Retomando el hilo: a fecha de hoy todavía no comprendemos qué extraño mecanismo mental puede inducir a una persona a pensar que cuando otra se niega a pagar 500 coronas resulta razonable demandarle que pague 4.000 y que, además, esta va a plegarse a sus exigencias de buen grado. La cosa es que cuando mi ama dijo que no estaba dispuesta a pagar el 50% de un aparato que no había roto (nunca dijo que no estuviese dispuesta a poner nada de dinero, de hecho intentó salvar la situación ofreciendo una cantidad más baja), la casera le respondió directamente que en ese caso el lunes quería las 4.000 coronas en su cuenta bancaria y que no estaba dispuesta a negociar. Desde su punto de vista, mi humana era la única culpable de la avería del micro y nos estaba haciendo un favor ofreciéndonos pagar solamente la mitad. Todo esto, recordemos, sucedía vía whatsapp porque ninguna de las tres habían coincidido en el piso desde el jueves por la tarde.
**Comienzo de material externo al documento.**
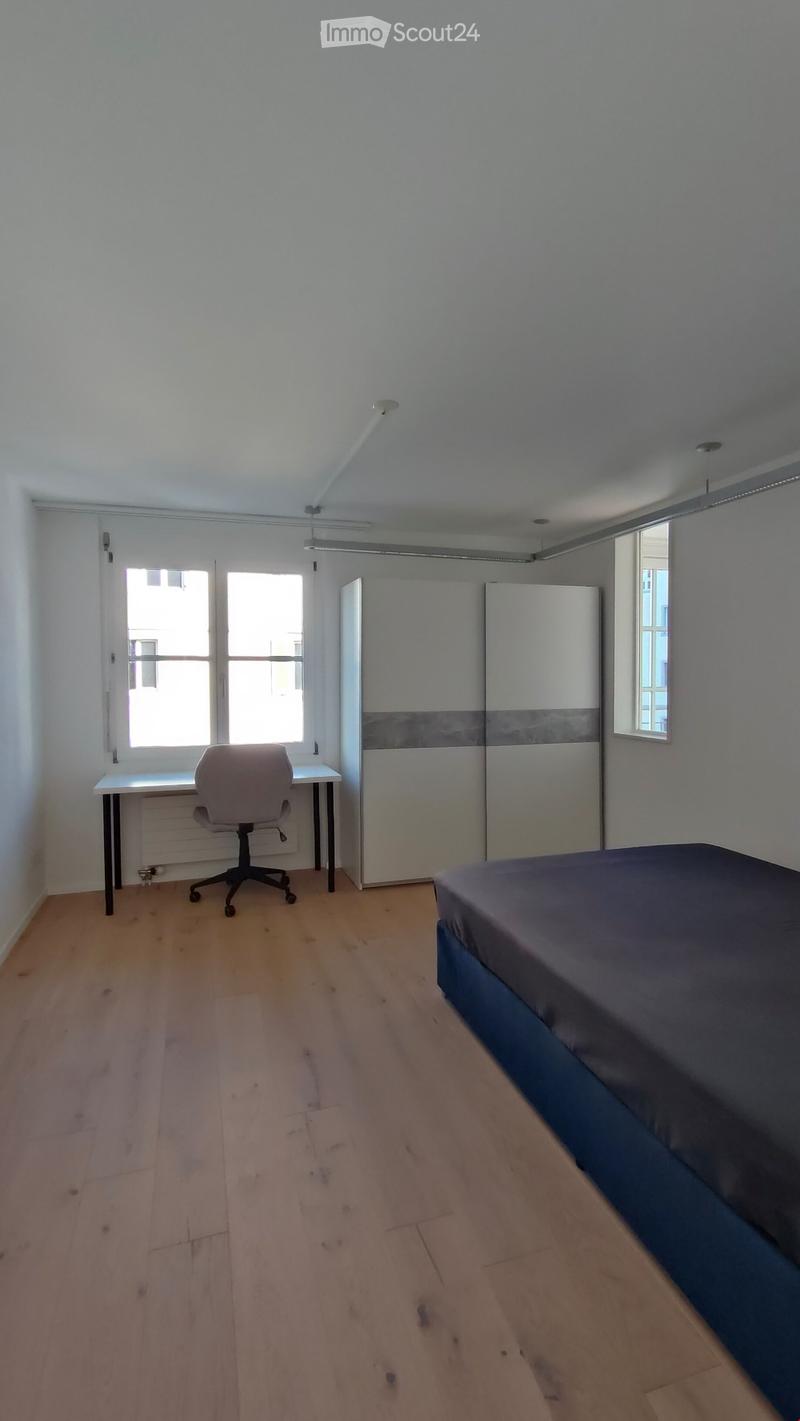 A furnished bedroom with a bed, a desk with a chair, and a wardrobe. The room has wooden flooring and large windows.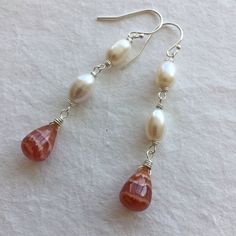 I found some SUPER COOL Rhodocrosite recently and this is one of 3 pairs of these teardrops I purchased. I have wired them with freshwater pearls on sterling silver wire on sterling silver earrings. Please choose your earwire preference as some styles are upgrades from the basic French hook style. The approximate length is 2 1/8". Your jewelry will arrive beautifully giftboxed. Homemade Pearl Earrings, Handmade Jewellery Ideas, Earrings Handmade Beaded, Sweet Alyssum, Basic French, Hardware Jewelry, Wire Jewellery, Pearl Dangle Earrings, Earring Making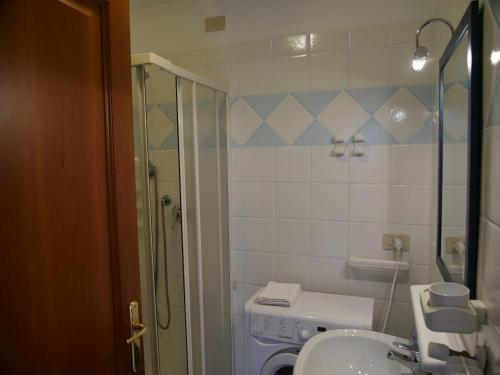 een badkamer met een douche, een toilet en een wastafel bij Lounge Del Duca, centralissimo bicamere su due livelli - posto auto a richesta in Grado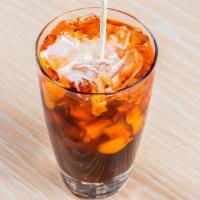 Thai Iced Tea · Sweet, creamy and rich Thai tea with condense milk in a 24 oz. compostable cup and strawless...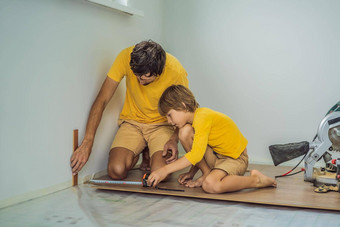 父亲儿子安装木层压板地板温暖的电影地板上红外地板上加热系统层压板地板上
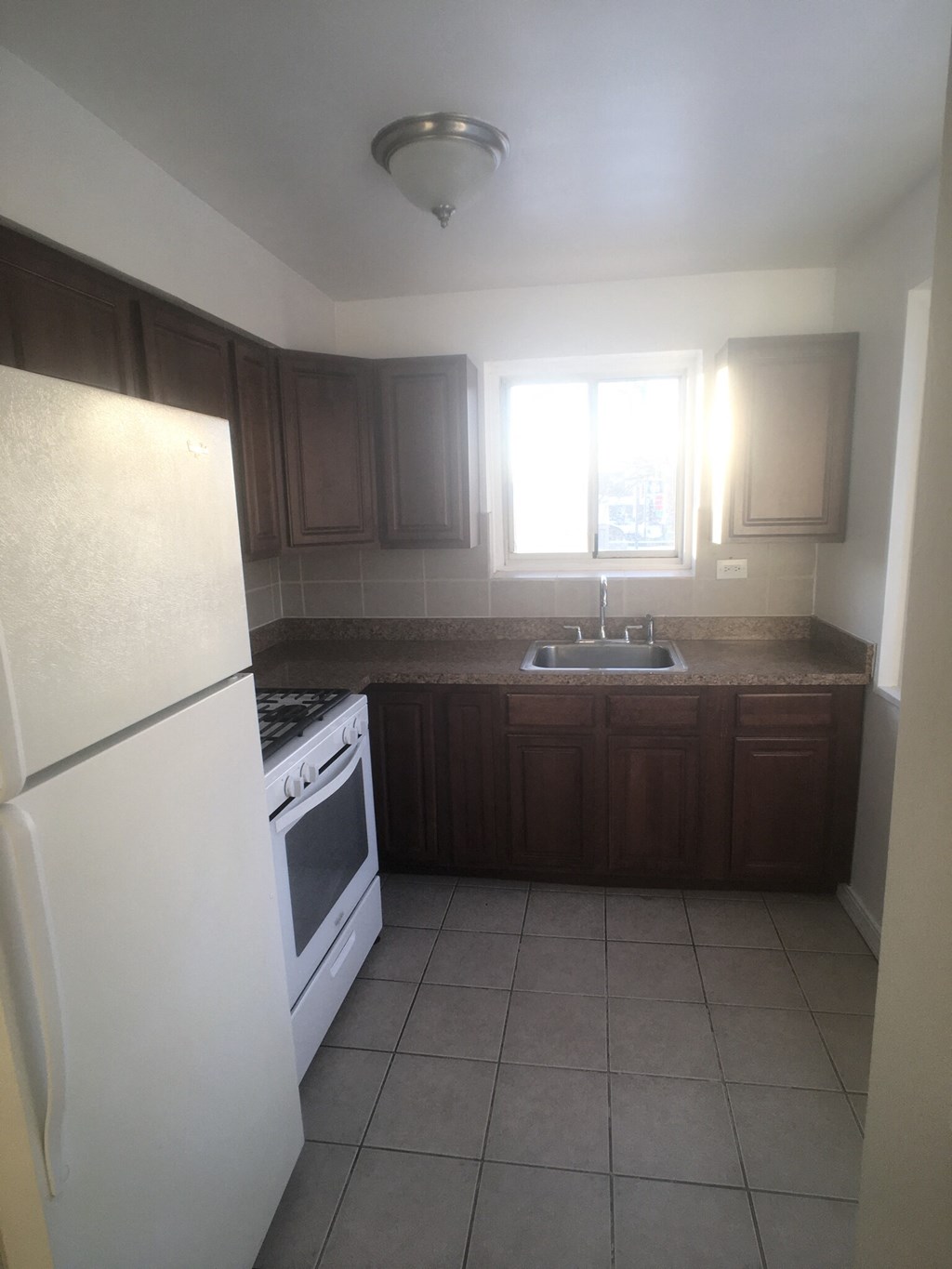 an empty kitchen with white appliances and wooden cabinets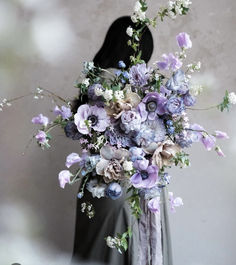 a woman holding a bouquet of flowers in front of her face and wearing a black dress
Mi dueña hizo lo que estaba en su mano para apaciguar los ánimos, pero la casera dijo que no le daba la gana de avenirse a razones, que quería las 4.000 coronas íntegras y que estuviésemos en casa a las 6 de la tarde. Mi simia, por supuesto, no tenía la menor intención de dárselas, pero al mismo tiempo tenía un poco de miedo de lo que pudiera ocurrírseles para hacerla claudicar. Una no sabe qué esperarse de gente que se niega a razonar.
Afortunadamente para nosotras, nuestra desventura inmobiliaria en Dinamarca se ha suplido con creces en buena suerte con personas. Sé que como ardilla soy bastante crítica con los humanos (la mayor parte de las veces muy justificadamente, todo sea dicho) pero en esta ocasión no puedo menos que sentirme profundamente agradecida por la generosidad mostrada por las amigas de mi ama quienes, en cuanto conocieron la situación, le dijeron que tenía que salir de esa casa inmediatamente y que ellas pensaban ayudarla a hacerlo.
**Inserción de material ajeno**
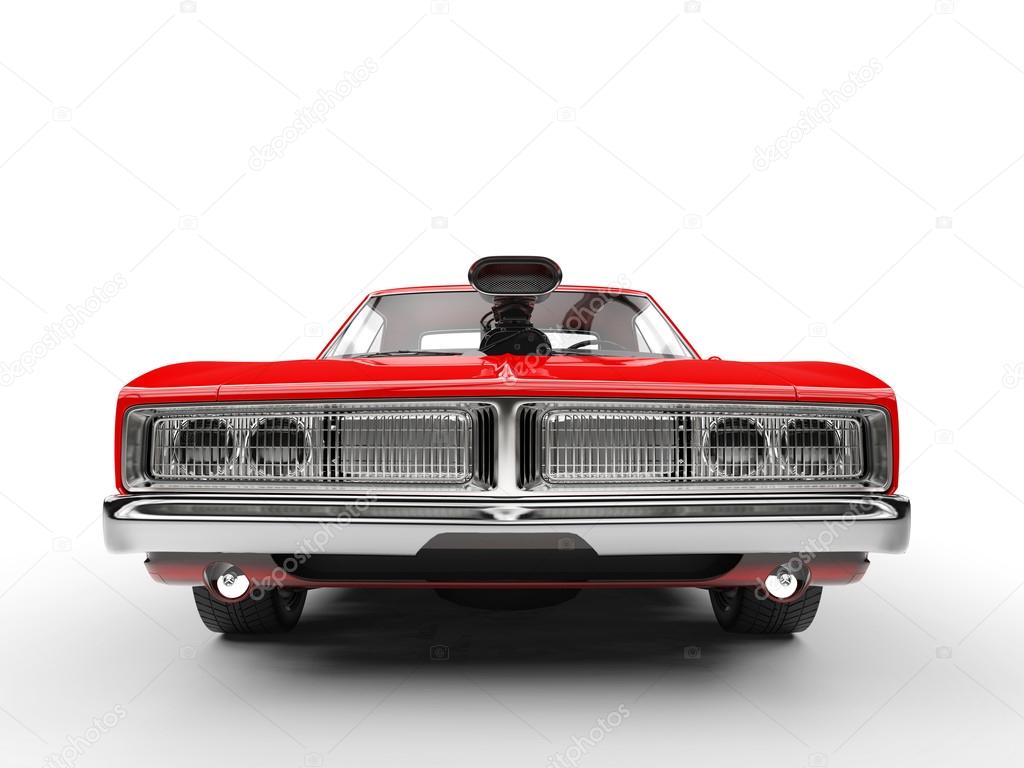 Awesome red muscle car - front view extreme closeup shot
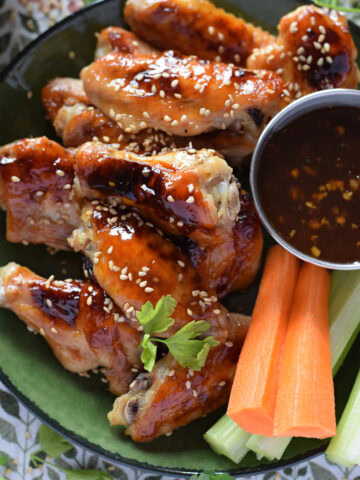 Close up of teriyaki chicken wings.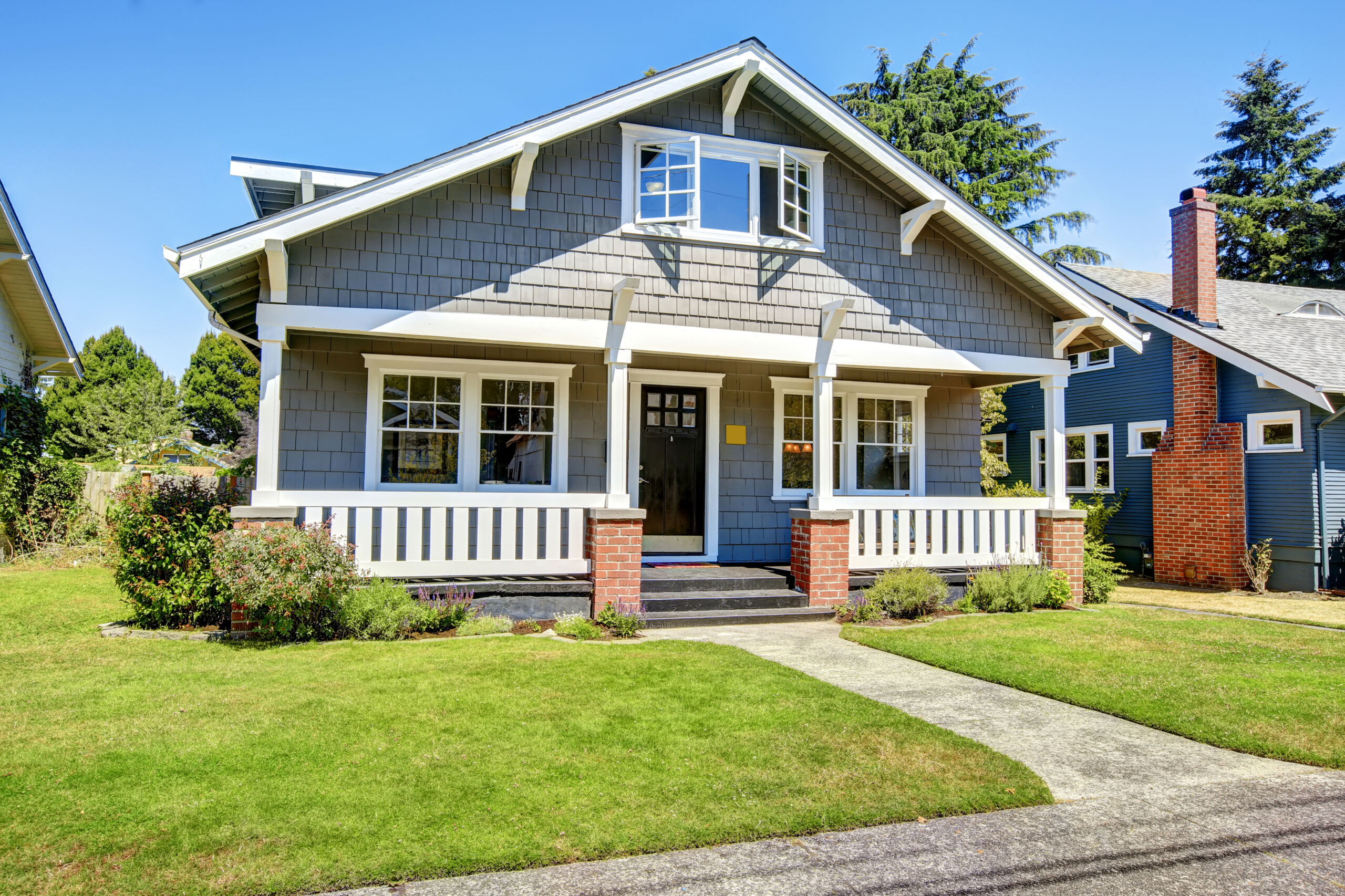 Clapboard siding house exterior. Large entance porch with brick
Así fue: mi dueña, dos de sus amigas y yo regresamos a eso de las 3 de la tarde al apartamento, empaquetamos todas nuestras cosas, dejamos las llaves en el buzón y desaparecimos. Esa noche y las siguientes dormimos de okupas en casa ajena. Al martes siguiente nos mudamos por séptima (y última vez) en estos seis meses.

Y de este modo, niños y crías de roedor, es como concluyó nuestra estancia en Islands Brygge.